Por supuesto, lo último en lo que piensa alguien a los catorce años es en
seguir de cerca los consejos de nadie. Como mucho, de lejos, por encima del
hombro, desconfiando. El mundo
es suyo y suya es la sabiduría que cabe en su ignorancia.
A mí
tampoco me gustaba leer. Ya lo han adivinado. Recuerdo aquellos días. Los
recuerdo porque yo era feliz. Tenía catorce años, dicho queda. Leer me parecía, como poco, aburrido. Era lento, pesado,
interminable, inútil. Todavía sigue pareciéndome inútil. La vida
no es mejor, pero es más ancha ahora. Eso
quería decir. Feliz, catorce años. Un final repentino del verano. Nada que
hacer. Un libro despistado. La suerte estaba echada. Desde entonces no hay día
en que no me pregunte: ¿Por qué leer?
Leer no
hace mejor las cosas, hay que decirlo pronto, pero mejora mucho, valiente
paradoja nuestra vista cansada, nuestra visión del mundo.
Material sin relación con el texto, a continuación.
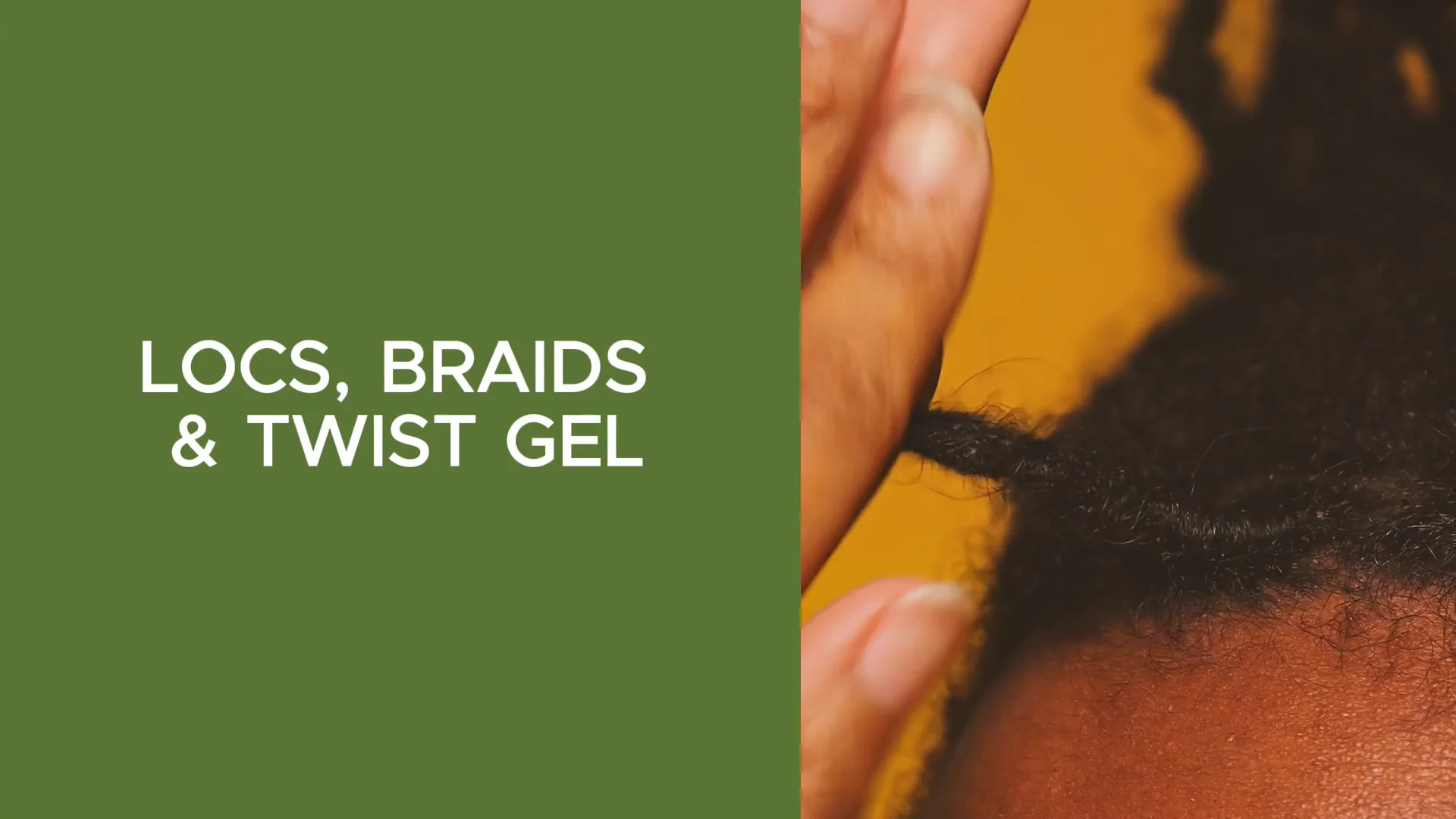 Jamaica Locs, Braids & Twist Mini Trial Size - 1 oz – Made For Locs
Leer es una forma de ensanchar nuestro asombro. Y el asombro no es más
que la forma más grande que existe de estar vivo. Es una garantía contra el
aburrimiento, contra la prepotencia, contra la pobre creencia de que todo está
en deuda con nuestros grandes méritos. “Que nadie es más que otro si no hace
más que otro”, dice, sabio, el Quijote.
Un
libro es un depósito de momentos felices, un lugar donde la vida es justa, un
refugio. La emoción es refugio, la memoria, también. No otra cosa es un libro: emoción y memoria. Alguien dijo que un
hombre que hubiera vivido un solo día en libertad habría atesorado recuerdos
suficientes para pasar el resto de su vida en la cárcel. A veces pienso en
situaciones extremas. No en bibliotecas cómodas llenas de libros nuevos. Pienso
en un hombre solo y en un solo libro. Ni siquiera en un libro: en su recuerdo
apenas. A eso me refiero cuando hablo de refugio. ¿No lo es, en medio de lo
peor del día, el recuerdo de los días felices? Eso es también un libro. El
lugar en el que alguien ha escrito que nunca estamos solos.
Un
partido de fútbol –recuerdo todavía de aquel verano de los catorce años- es mucho más intenso cuando uno conoce las reglas, la estrategia, el nombre
de algunos jugadores. Pues bien, los libros también tienen un poco de
instrucciones de uso de la vida. No dicen, por supuesto, cómo hay que vivirla, sólo nos hacen libres para montar las piezas de
este rompecabezas gratuito e impagable, vertiginoso como un salto mortal.
A veces las palabras
más llenas de sentido son también las más vanas. Libertad, eso dije. ¿Por qué
leer, en fin? Porque nos hace libres. Libres para saber que nuestra vida es
nuestra. Para saber también que no toda la gente ha tenido la misma suerte que
tuvimos nosotros. Para saber que esa suerte imprevista no nos hace mejores. Ni
complejo ni orgullo: instrucciones para ponerse un tiempo en los huesos de
otro, en la piel de cualquiera.
Valgan grandes
palabras por grandes ocasiones: compasión.
Leer
sirve de poco si no sirve a la vida. Hay eruditos para los
que diez mil libros no son más que una cifra. Sabio es el que transforma un dato en una idea para volverlo humano. Por eso toda biblioteca es antes un taller que un
almacén, más viña que bodega.
“Tampoco a mí me
gusta / pero al leerla / con absoluto desprecio / encontramos, al fin, / sitio
para lo auténtico”. Así habla Marianne Moore en un poema titulado “Poesía”. A
veces pienso, y pienso en el escándalo que sería para mis tías, que a los
libros les conviene un poco de desprecio. Una lectura sin hacer concesiones. Es
allí donde dan sus frutos más cuajados.
¿Por qué leer? La
pregunta persiste.
Porque
nos hace humanos. Y libres, compasivos. Y felices a veces. Y porque en ocasiones tampoco cuesta tanto, por más que
cueste un mundo, dar la razón a nuestras tías solteras.